The proposed new building on the Dairy Treat site, 218 S. Harbor Drive, entails two stories featuring four condo units above a new Dairy Treat ice cream shop on the ground floor.
Rick Grasman lives next door to to the property at 212 S. Harbor Drive — a building he recently developed that features office space in addition to his residence. He sent a letter to the Downtown Development Authority and met with city officials to say the Dairy Treat development does not belong in the neighborhood. Grasman took to social media in February, calling it a “sad day” if the development goes through.
A year ago, a cordial collaboration was in the works.
According to both parties, Grasman and Dairy Treat developer John Groothuis of Capstone Real Estate met in early 2018 as the Dairy Treat owner was pursuing development. While both parties sought a “win-win” solution, communication broke down along the way.

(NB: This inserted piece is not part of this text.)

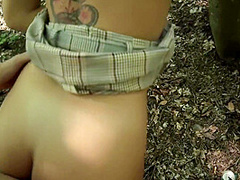 Student Comes With Me To The Forest After Class To Get Fucked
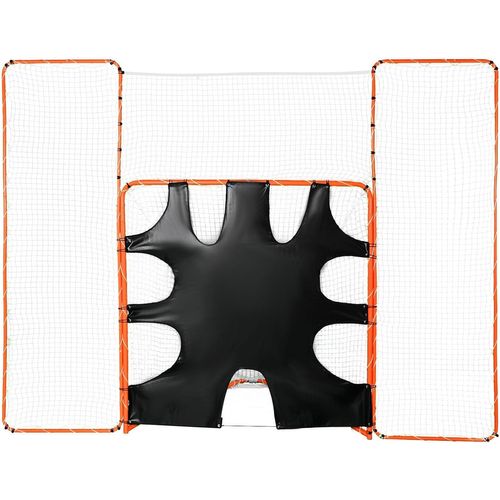 KGABERY-1But De Crosse,Filet De Crosse De 1,8x1,8 M,Équipement D'Entraînement Portable De Crosse Dans Le Jardin,Filet D'Entraînement Avec Cadre En Acier,Installation Rapide Et Facile,Parfait Pour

“It was a respectable plan,” Grasman said. “It had greenspace. It had open space. It wasn’t obtrusive.”
A rendering released in February painted a different picture.
Grasman said he abandoned the project because there was disagreement over the appraisal of the Dairy Treat property, and said the project didn’t appear feasible. Groothuis said Grasman backed out of the agreement because he thought the property couldn’t be developed.
“That was not in his interest at the time to work on a win-win situation,” Groothuis said. “(Grasman) thought only one side should win, and that’s why we are where we are today.”
What started as an amenable compromise had become what Grasman called a “catastrophe.” He says the development was poorly planned, and should be set back farther back from Harbor Drive to maintain the character of the neighborhood.
“A conscientious developer walks a fine line between maximizing developer profits and yet integrating a product and design that is beneficial to — and adds value to — the neighborhood and the community,” Grasman wrote to the DDA. “I believe that the building, as currently planned, would not fit in well with the rest of the neighborhood, either aesthetically or functionally.”
Grasman said other residents have joined him in opposing the project. The construction process could cause road closures, he said, and while his own building’s windows would not lose views of the waterfront, he said the neighborhood would suffer. He acknowledged the proposal likely fits the zoning criteria for the district.
“There’s a level of Planning Commission responsibility that has to be invoked,” Grasman said. “There’s too much potential for trouble here.”
Groothuis said the 60-year-old Dairy Treat building has myriad issues — it is not handicap accessible, lacks air conditioning and heating, and is prone to flooding.
Revised plans for the project were submitted to the city on March 4. Setback adjustments reduced the square footage of the two-bedroom, two-bath condos by as much as 200 square feet, to 1,500-1,600 square feet, Groothuis said. The Dairy Treat, which will be accompanied by a parking garage below the living units, will be about 600 square feet, he said. The roof line of the building was also altered in the revised plan, he added.
Grand Haven Community Development Director Jennifer Howland said the residential-above-retail model being proposed is permitted in the zoning district. The Planning Commission has the authority to greenlight the development on Tuesday, after which developers will need to acquire building permits.
The development is not for specialized use, Howland said, and thus does not require a public hearing. Public comment will be gathered at the beginning of the meeting, which begins at 7:30 p.m. at Grand Haven City Hall.